The rice porridge dinner is used as a basis for rice cream dessert. There are many different variants of this dessert but the basis is the same: cold rice porridge (the dinner variant) is mixed with whipped cream and sweetened. In Sweden, it is sometimes mixed with oranges and is then called apelsinris. Risalamande (Danish, after French riz à l'amande, rice with almonds) is cold risengrød with whipped cream, vanilla, and chopped almond, often served with hot or chilled cherry (or strawberry) sauce. In Norway, the dessert is called riskrem and sometimes served with red sauce (usually made from strawberries or raspberries). Rice cream dessert is called ris à la Malta in Sweden, while what is referred to as risgrynspudding is made with eggs instead of cream.
In Scandinavia, rice pudding has long been a part of Christmas tradition, in some countries referred to as julegröt/julegrøt/julegrød/joulupuuro (Yule porridge) or tomtegröt/nissegrød. The latter name is due to the old tradition of sharing the meal with the guardian of the homestead, called tomte or nisse (see also blót). In Finland it is common to eat the Christmas rice porridge with a kissel or compote made of dried prunes.
A particular Christmas tradition that is often associated with eating rice pudding or porridge is hiding a whole almond in the porridge. In Sweden and Finland, popular belief has it that the one who eats the almond will be in luck the following year. In Norway, Denmark, Iceland and the Faroe Islands, the one who finds it will get the almond present as a prize. In Denmark and the Faroe Islands, the almond tradition is usually done with risalamande served as dessert at Julefrokost (Christmas lunch) or on Christmas Eve. In Norway, it is commonly served as lunch or early dinner on Christmas Eve or the day before, lillejulaften ("Little Eve"). In Sweden and Finland, it is more commonly done with a rice porridge dinner, sometimes a few days before Christmas Eve.
In the United Kingdom and Ireland, rice pudding is a traditional dessert typically made with high-starch short-grained rice sold as "pudding rice."

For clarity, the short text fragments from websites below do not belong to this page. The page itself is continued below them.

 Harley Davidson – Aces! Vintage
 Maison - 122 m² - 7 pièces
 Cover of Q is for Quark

The earliest rice pudding recipes were called whitepot and date from the Tudor period; one of the earliest recipes was written down by Gervase Markham in 1615. Rice pudding is traditionally made with pudding rice, milk, cream and sugar and is sometimes flavoured with vanilla, nutmeg, jam and/or cinnamon. It can be made in two ways: in a saucepan or by baking in the oven.
In a saucepan, it is made by gently simmering the milk and rice until tender, and then the sugar is carefully mixed in. Finally, the cream is mixed in, and it can either be left to cool and be served at room temperature, or it can be heated and served hot. It should have a very creamy consistency.

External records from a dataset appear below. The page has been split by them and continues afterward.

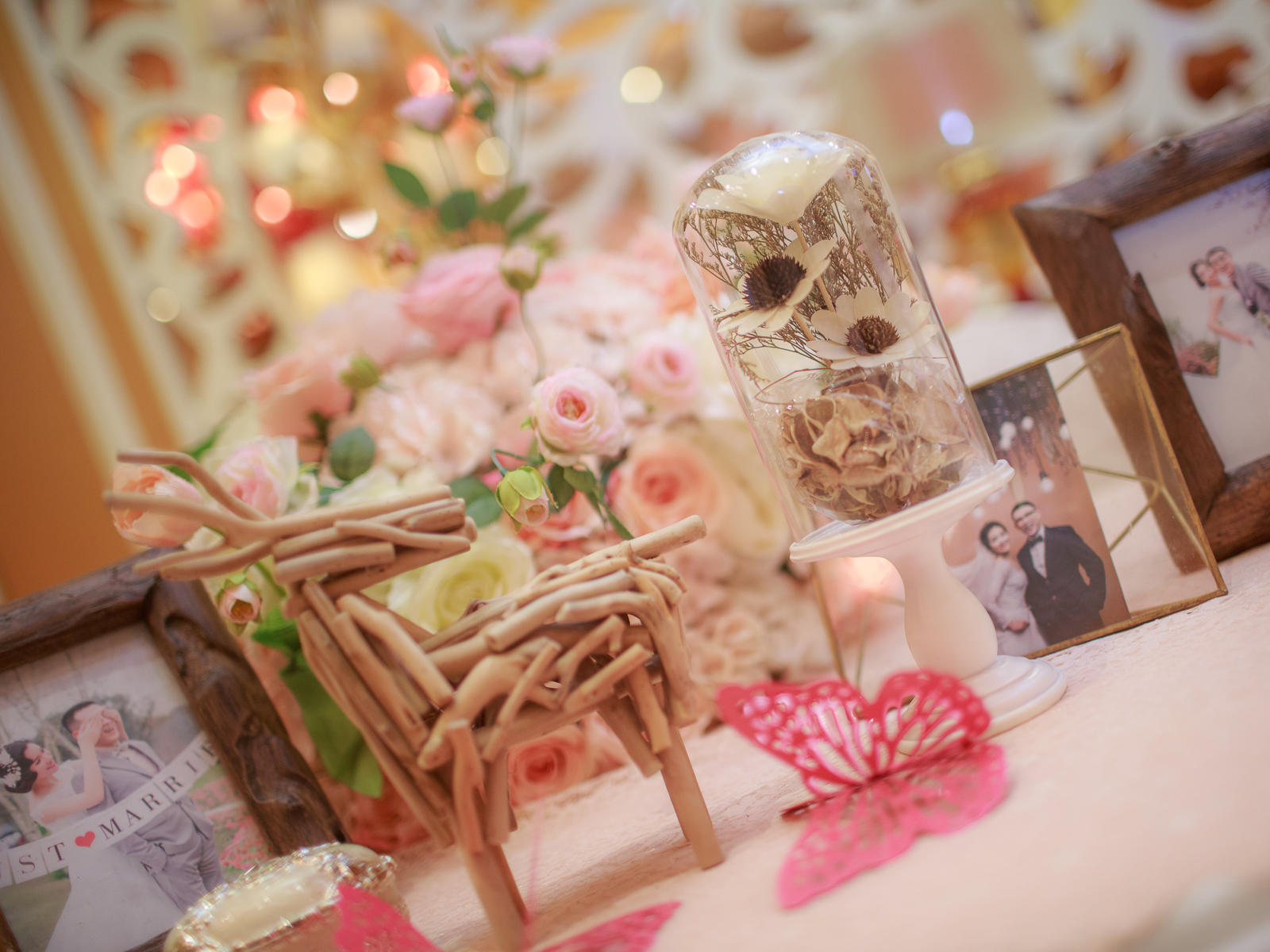 粉色纯净风丨还原一个真实的梦境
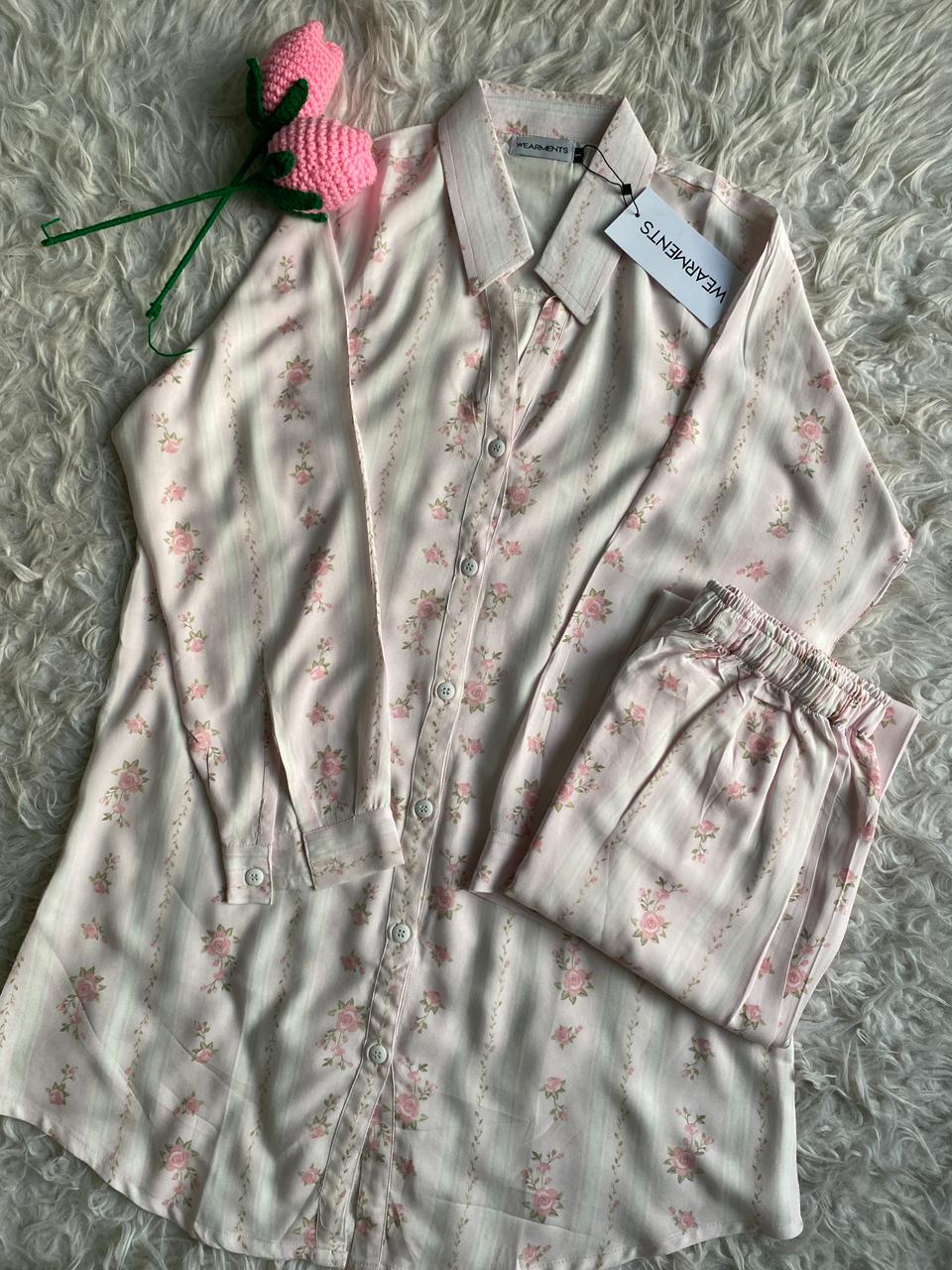 Blush Petal Soft Set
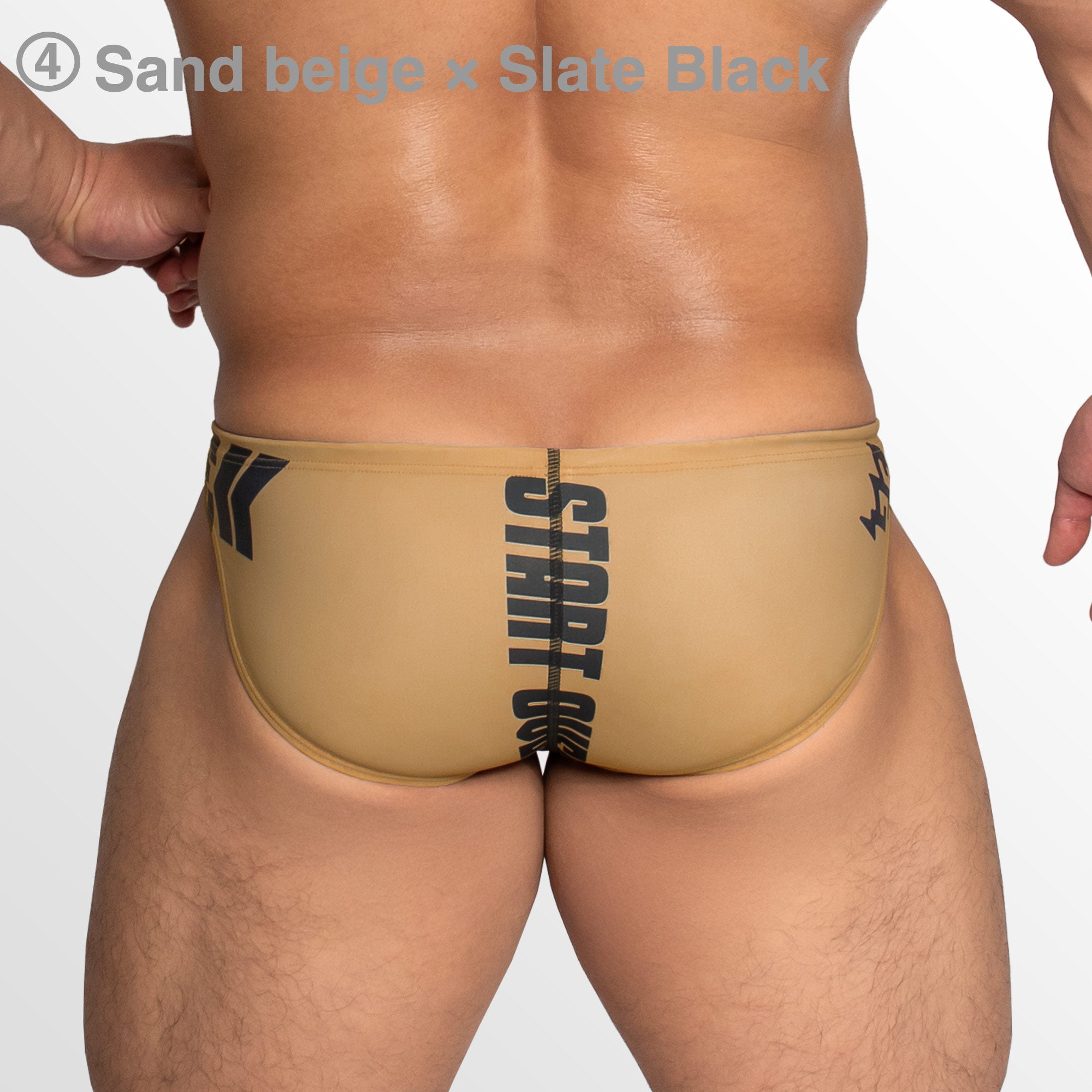 [4033] REBOOT RE Super Low-Rise Swim Bikini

When made in the oven, the pudding rice is placed into a baking dish, and the milk, cream and sugar are mixed in. The dish is then placed in the oven and baked at a low temperature for a few hours, until the rice is tender and the pudding has a creamy consistency. While cooking, the pudding may develop a thick crust, which adds an interesting texture to the pudding. It is traditional to sprinkle the top with finely grated nutmeg before baking. Using evaporated milk (9% milk fat), instead of whole milk, enriches the result and intensifies the caramelised flavour.
An alternative recipe frequently used in the north of England[according to whom?] uses butter instead of cream, adds a small pinch of salt, and requires the pudding mixture to stand for an hour or so prior to being cooked. Such puddings tend to set firmly when cooled, enabling slices to be cut and eaten like cake. If eaten hot, the pudding is traditionally served with cream poured on top in wealthy households, and with full fat milk where cream was not available. A spoonful of sweet jam or conserve is also a very popular topping for the pudding.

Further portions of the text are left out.